-- REQUIRED WORK --
Below are records to transcribe exactly, without their pictures.

[Collected data entries]
* * * * * * *

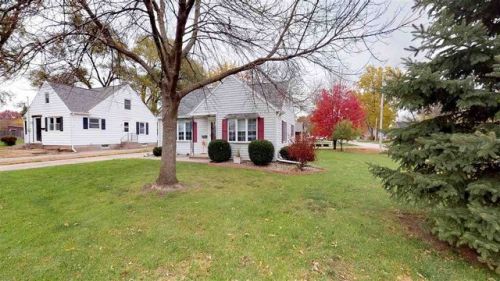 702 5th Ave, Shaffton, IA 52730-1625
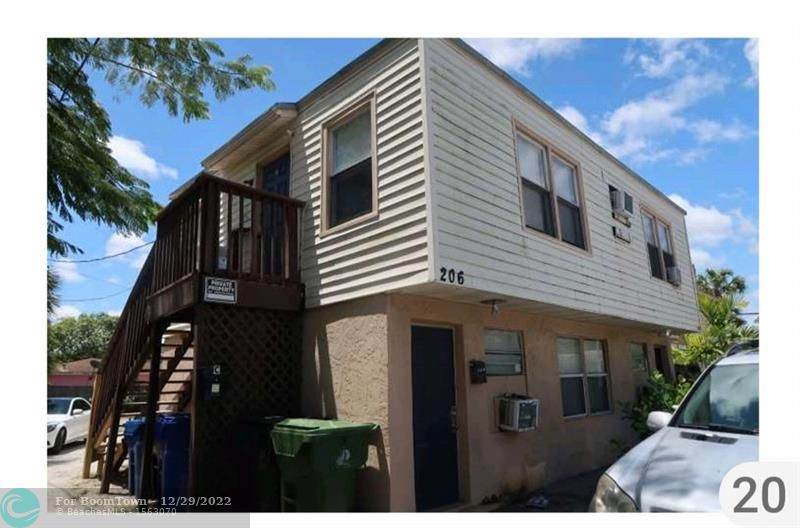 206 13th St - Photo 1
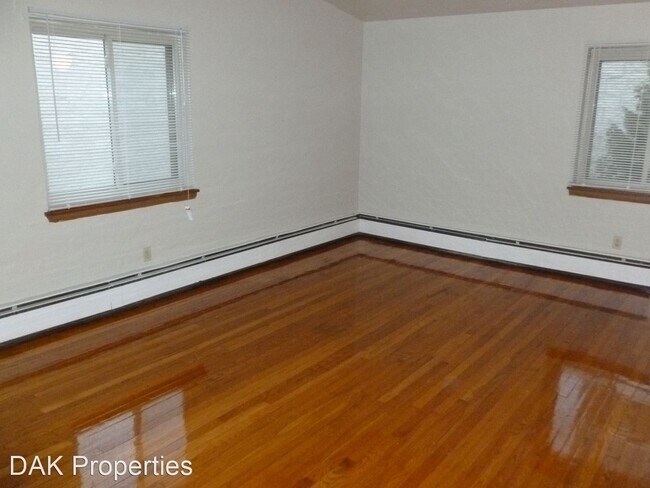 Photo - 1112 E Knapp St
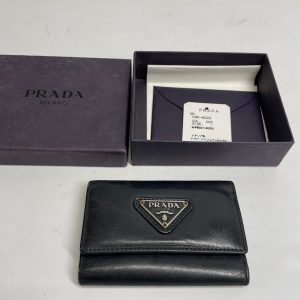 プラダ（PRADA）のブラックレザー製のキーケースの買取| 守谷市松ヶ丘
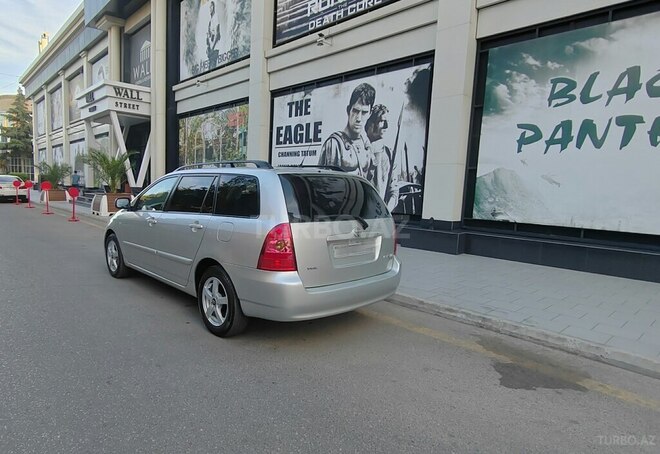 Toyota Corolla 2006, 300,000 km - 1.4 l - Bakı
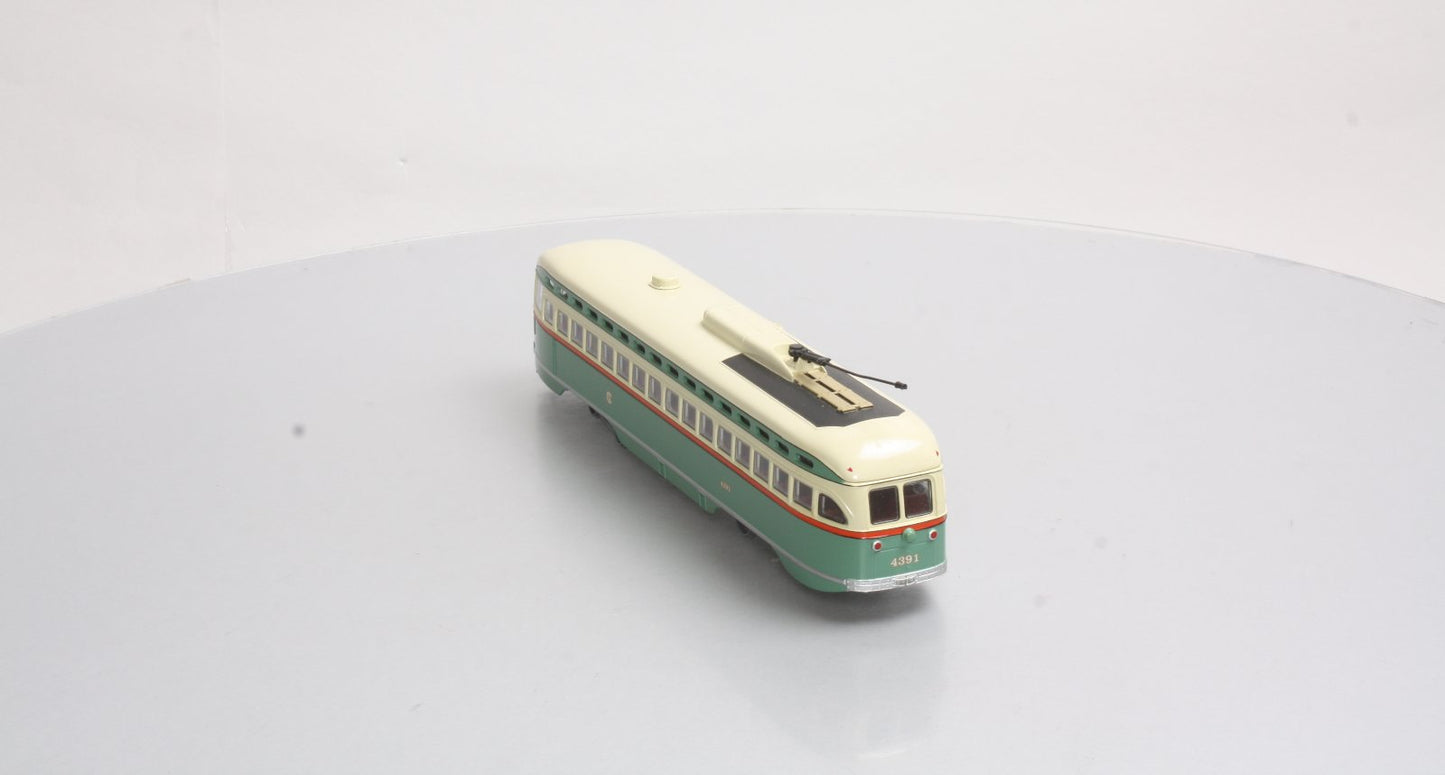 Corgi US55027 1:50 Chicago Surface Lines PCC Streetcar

* * * * * * *

-- RESULT OF THIS TASK --
 702 5th Ave, Shaffton, IA 52730-1625
 206 13th St - Photo 1
 Photo - 1112 E Knapp St
 プラダ（PRADA）のブラックレザー製のキーケースの買取| 守谷市松ヶ丘
 Toyota Corolla 2006, 300,000 km - 1.4 l - Bakı
 Corgi US55027 1:50 Chicago Surface Lines PCC Streetcar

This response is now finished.